:: Exercise aim ::
From the records that follow, return exactly the lines beginning at the one that contains "- Caldas Imagem" and ending at the one that contains "Vit Begagnad 2016", pictures left out.

:: Records supplied ::
'''
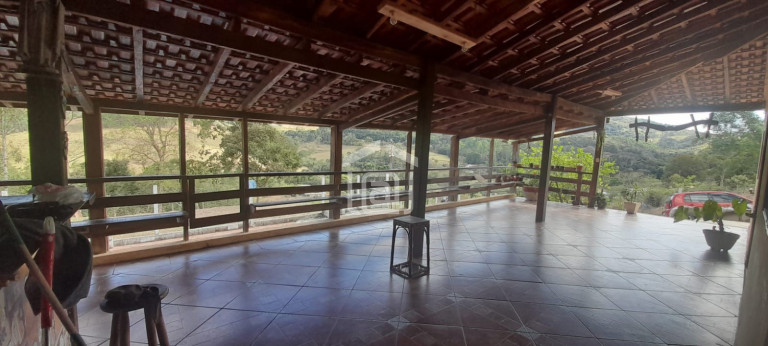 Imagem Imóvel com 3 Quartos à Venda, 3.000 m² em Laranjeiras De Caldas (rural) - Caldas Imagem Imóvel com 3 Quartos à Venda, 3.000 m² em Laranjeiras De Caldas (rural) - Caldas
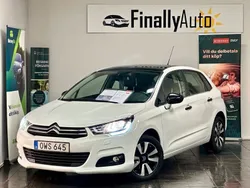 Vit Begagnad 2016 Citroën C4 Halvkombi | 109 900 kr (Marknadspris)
'''
'''
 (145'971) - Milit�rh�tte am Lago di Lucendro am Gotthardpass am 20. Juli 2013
'''
:: Task answer ::
 Imagem Imóvel com 3 Quartos à Venda, 3.000 m² em Laranjeiras De Caldas (rural) - Caldas Imagem Imóvel com 3 Quartos à Venda, 3.000 m² em Laranjeiras De Caldas (rural) - Caldas
 Vit Begagnad 2016 Citroën C4 Halvkombi | 109 900 kr (Marknadspris)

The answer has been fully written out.